Амарок не стал это комментировать. Ему меньше всего хотелось разрушать чью-то семью, но послужной список Арчи свидетельствовал против него. Одно время тот подвизался на буровой одной из здешних нефтяных компаний, но складывалось впечатление, что ему вечно что-то мешало — то травмы, то неуживчивый характер.
— Кто еще был с Даниэль в тот вечер? — спросил Амарок и мысленно отругал себя за то, как его угораздило не заметить, что почти все мужское население его родного городка трахало эту новоприбывшую девицу. Наверное, потому, что сам был слишком зациклен на своих непростых отношениях с доктором Тэлбот и вверенным ей учреждением. Он наблюдал за ними с расстояния, не замечая ничего, кроме собственного желания и досады — желания по отношению к докторше и досады по поводу того, что не смог предотвратить открытие рядом с собственным домом тюрьмы, в которой содержались самые мерзкие представители рода человеческого.
Арчи печально усмехнулся.
— Ты шутишь? Да практически все, кто был в баре. Чем я хуже? Вот и я решил не отставать от них. Кстати, другие парни тоже были женатики.
— Знаю, — ответил Амарок.
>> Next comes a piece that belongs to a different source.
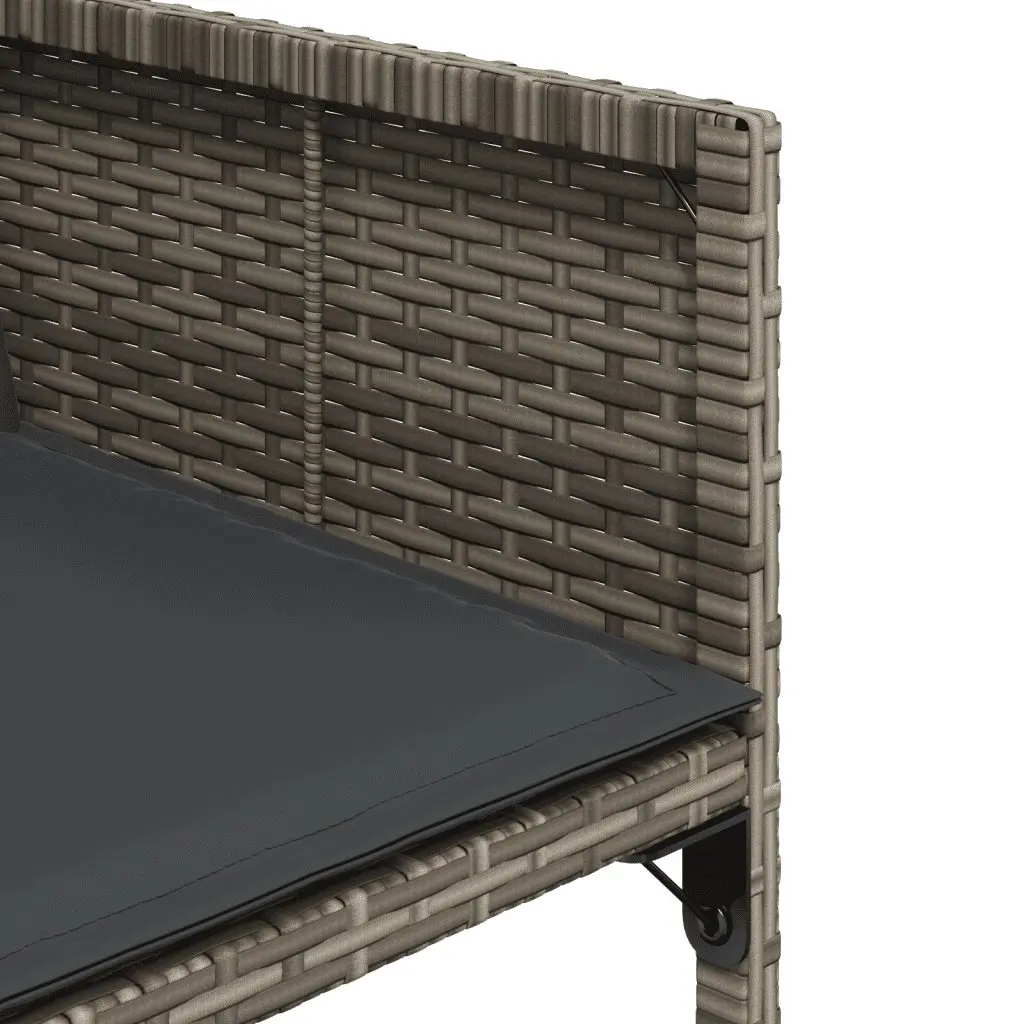 Outdoor Dining Set 11 Piece Grey PE Rattan Table with Chairs and Cushions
Они все были в имевшихся у него списках — как в списке самой Даниэль, так и в том, который он получил от Коротышки.
Все они изменяли своим женам, в этом не было никаких сомнений. Однако Амарок не мог поверить, что кто-то из этих мужчин, которых он хорошо знал, вдруг превратился в хладнокровного убийцу. Куда большие подозрения вызывало у него то, что могло измениться в его родном городке за последние несколько недель — например, появились ли здесь новые люди. Оставалось лишь надеяться, что те, кого он допросит, скажут ему, что, по их мнению, в их городе не так.
— Скажи, а были в тот вечер в «Лосиной голове» какие-нибудь чужаки? Те, кого ты не узнал?
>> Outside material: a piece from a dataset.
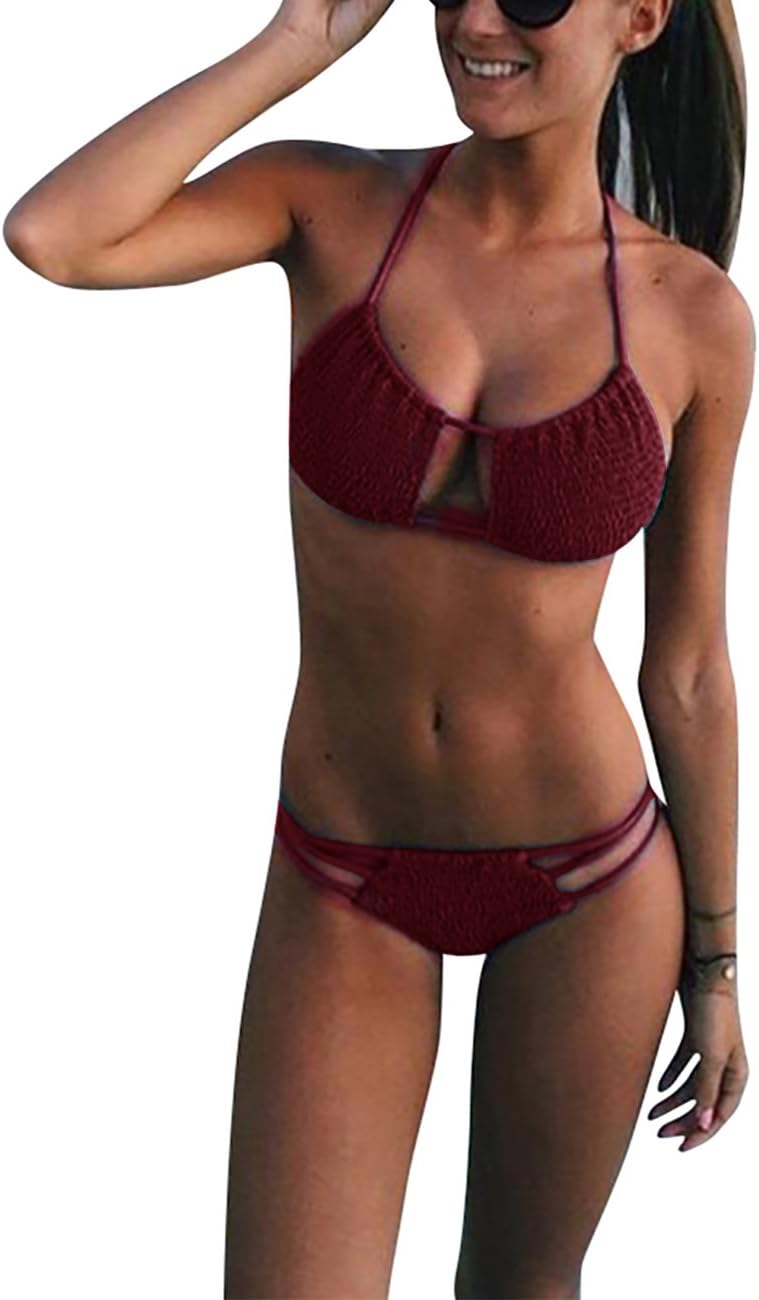 NAFLEAP Smocked Bandeau Halter Sexy Keyhole Bikini Brazilian Thong Swimsuit for Women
— Была парочка надзирателей из Ганноверского дома. Они сидели вместе с ней в задней комнате и наблюдали за происходящим.
— Но сами не участвовали?
— Может, и участвовали, но до того, как я там появился. Когда я вошел, они уговаривали ее выпить еще стаканчик.
— Тебе случайно не показалось, что они руководили этим делом?
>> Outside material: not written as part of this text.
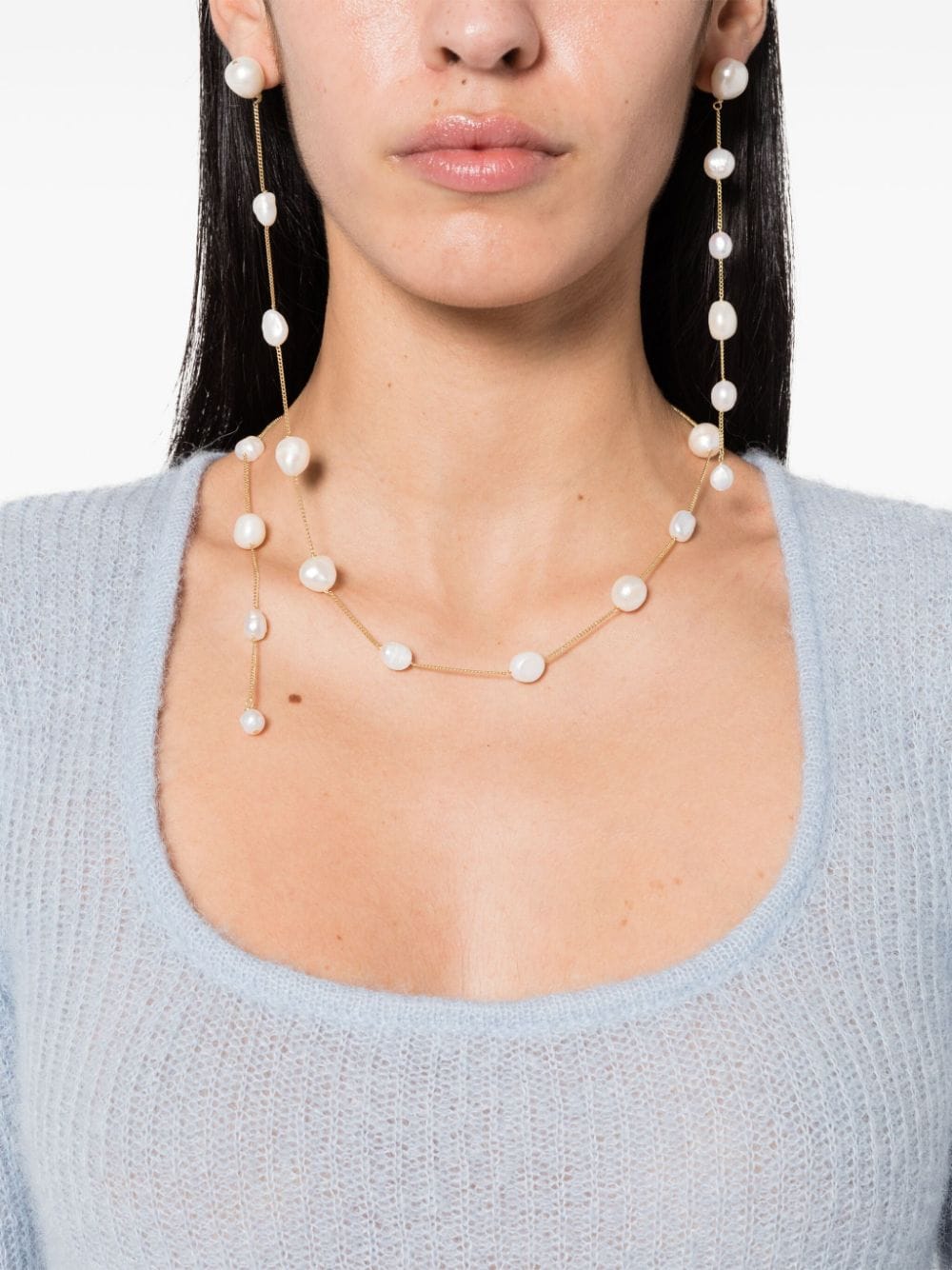 Shop Cult Gaia Cleia Pearl Dangle Earrings In White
— Нет. Они не брали денег с… ее партнеров, если ты это имеешь в виду. А если и брали, то я об этом не слышал. Лично с меня никто никаких денег не брал. Поэтому я и решил, мол, ничего страшного — трахнул и забыл.
Амарок покрутил регулятор обогревателя и снова проверил, наблюдает ли за ними Миа. Пусть Арчи не вложил за это сомнительное удовольствие ни цента, все равно существует другая цена…
— Но ведь стоять в очереди, чтобы трахнуть телку, — это так отвратительно. Ты не боялся, что подцепишь какую-то гадость?
— У них там были презервативы — целая миска. Но у нее на руке был противозачаточный пластырь — чтобы все видели. Так что многие не заморачивались с резинками.
Еще одно доказательство ее склонности к риску, к адреналину. Противозачаточный пластырь не убережет вас от триппера или СПИДа.
— А ты?
— Нет, я надел. Не хватало мне принести домой жене какую-нибудь дрянь, особенно после того, как услышал, что она пошутила, что трахается как драная кошка с заключенными Ганноверского дома.
— Она об этом пошутила?
— Она сказала, что никто из нас не годится им даже в подметки.
Ганноверский дом. Опять. Для Амарока тот был сродни злокачественной опухоли.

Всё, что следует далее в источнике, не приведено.